PROMPT → Copy each line below exactly as it appears. Pictures are to be omitted.

*** EXERCISE INPUT ***

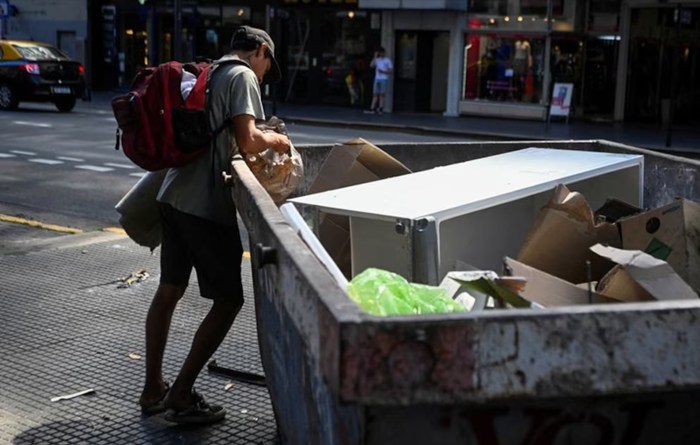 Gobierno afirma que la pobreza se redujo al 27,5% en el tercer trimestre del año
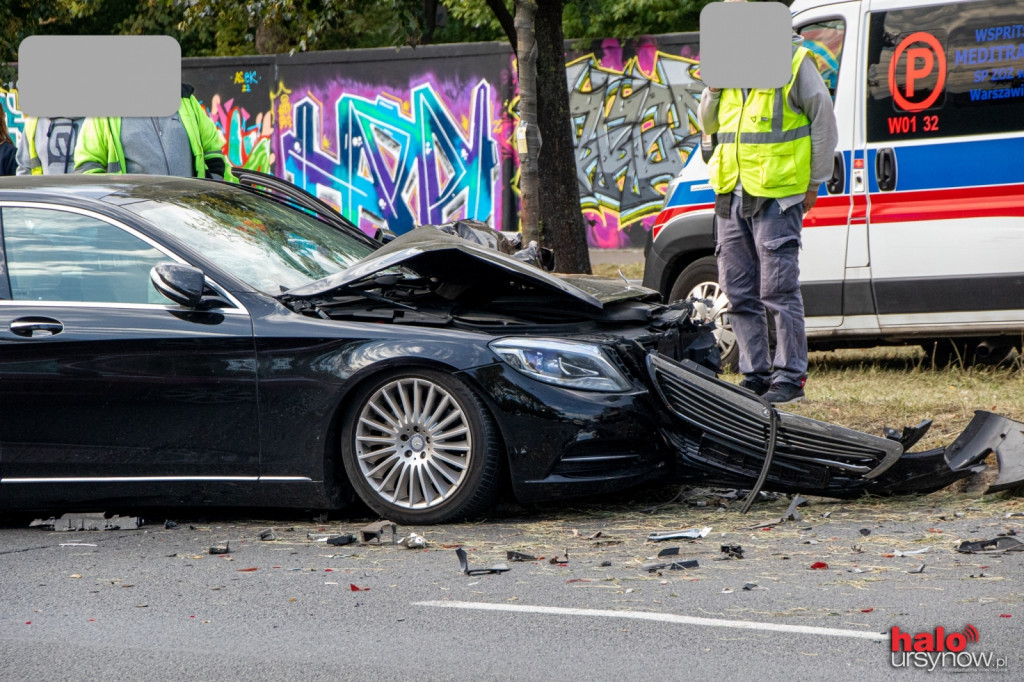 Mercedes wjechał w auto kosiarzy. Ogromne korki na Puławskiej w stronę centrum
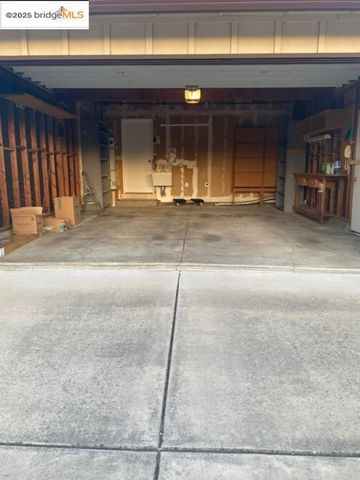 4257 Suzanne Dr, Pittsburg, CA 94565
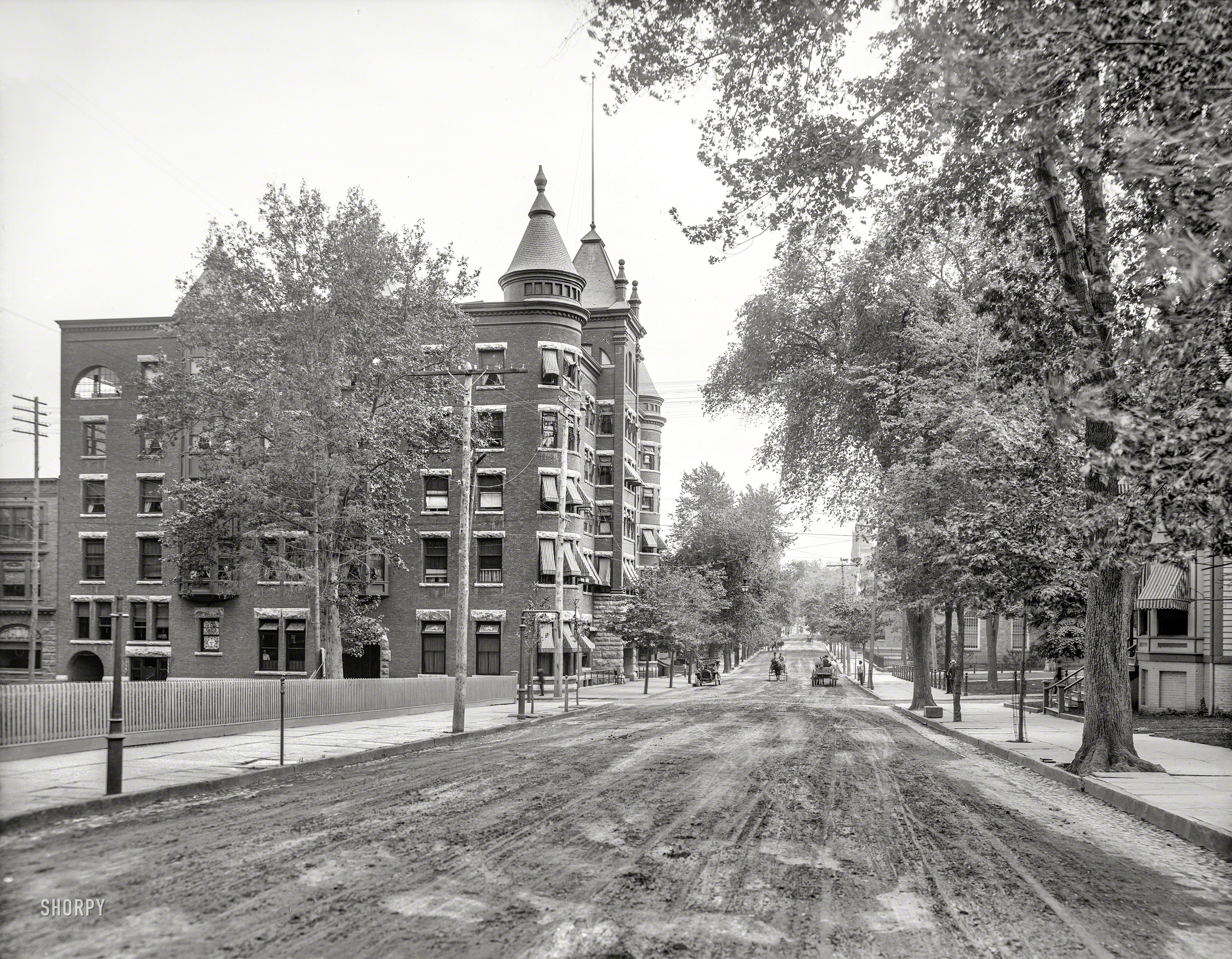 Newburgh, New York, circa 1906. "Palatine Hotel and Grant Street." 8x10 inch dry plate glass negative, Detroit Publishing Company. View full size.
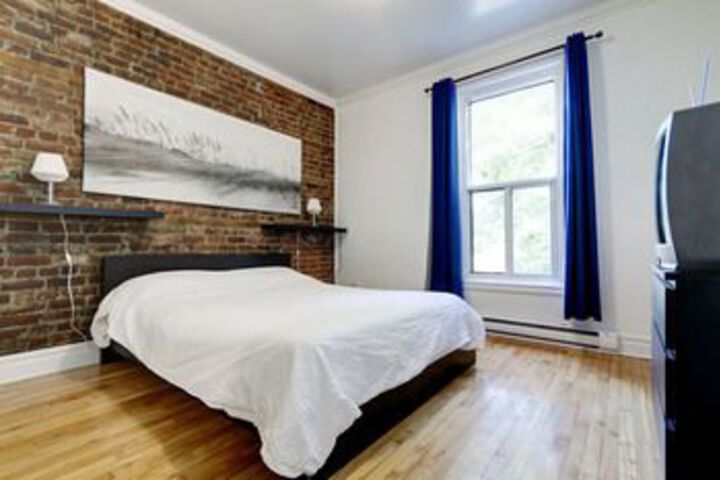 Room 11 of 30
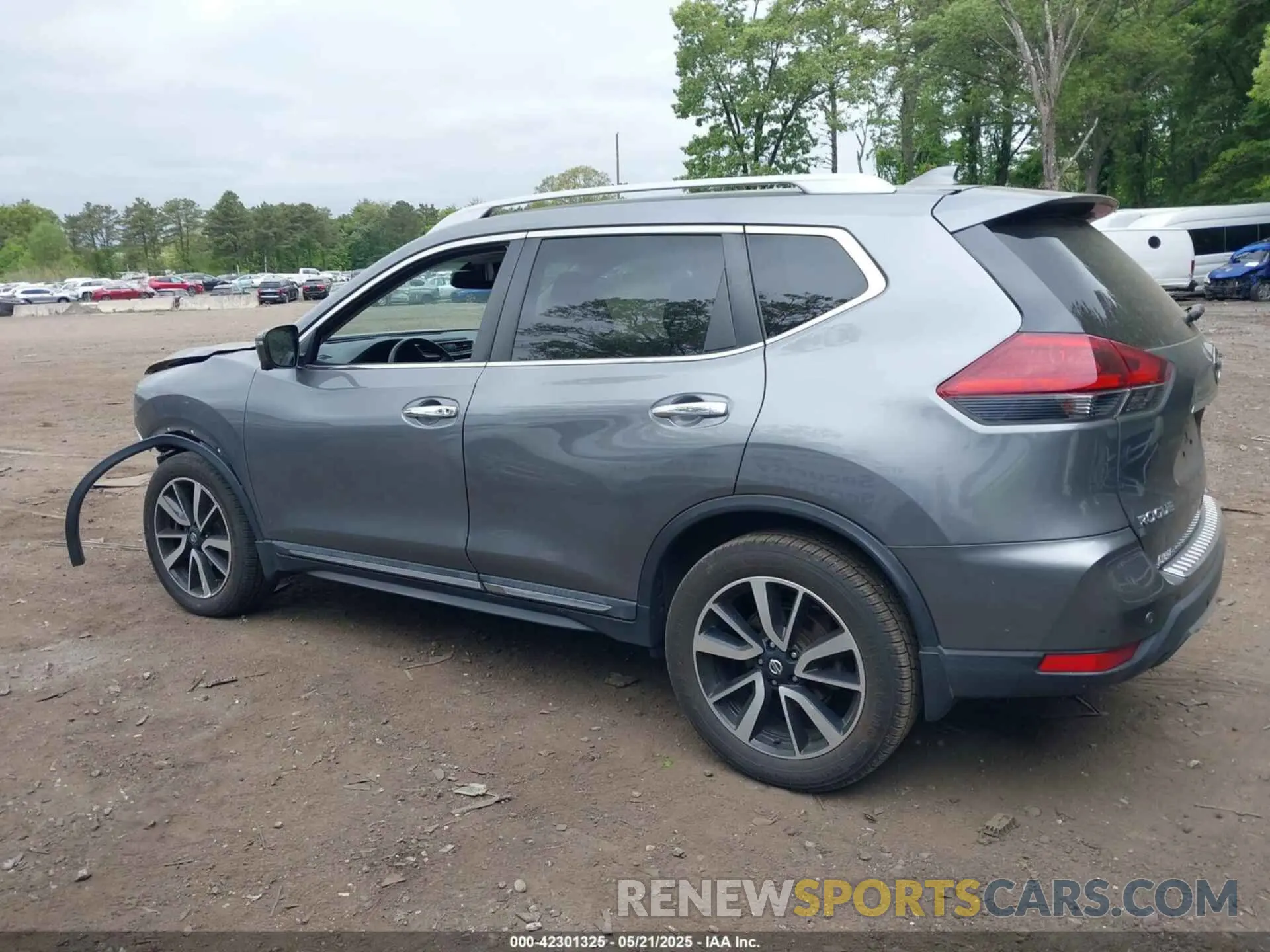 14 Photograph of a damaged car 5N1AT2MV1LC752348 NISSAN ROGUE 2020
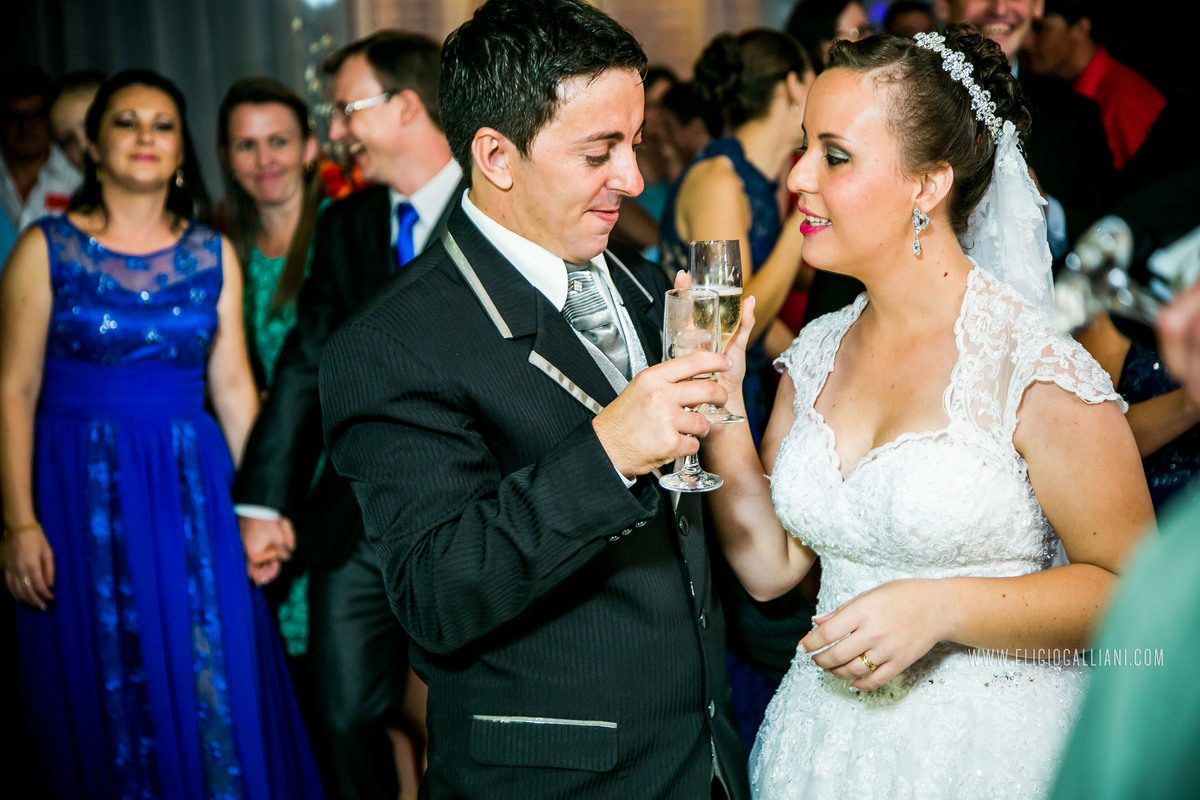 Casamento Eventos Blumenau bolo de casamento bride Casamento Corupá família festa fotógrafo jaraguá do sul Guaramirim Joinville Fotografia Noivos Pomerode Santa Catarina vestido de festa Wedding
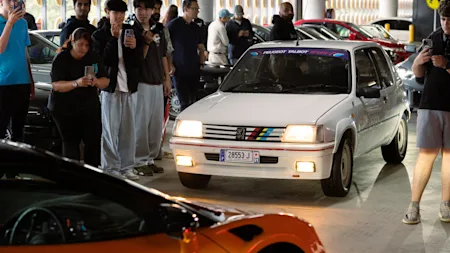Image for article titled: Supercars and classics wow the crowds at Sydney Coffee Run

*** End of EXERCISE INPUT ***

TASK RESULT →
 Gobierno afirma que la pobreza se redujo al 27,5% en el tercer trimestre del año
 Mercedes wjechał w auto kosiarzy. Ogromne korki na Puławskiej w stronę centrum
 4257 Suzanne Dr, Pittsburg, CA 94565
 Newburgh, New York, circa 1906. "Palatine Hotel and Grant Street." 8x10 inch dry plate glass negative, Detroit Publishing Company. View full size.
 Room 11 of 30
 14 Photograph of a damaged car 5N1AT2MV1LC752348 NISSAN ROGUE 2020
 Casamento Eventos Blumenau bolo de casamento bride Casamento Corupá família festa fotógrafo jaraguá do sul Guaramirim Joinville Fotografia Noivos Pomerode Santa Catarina vestido de festa Wedding
Image for article titled: Supercars and classics wow the crowds at Sydney Coffee Run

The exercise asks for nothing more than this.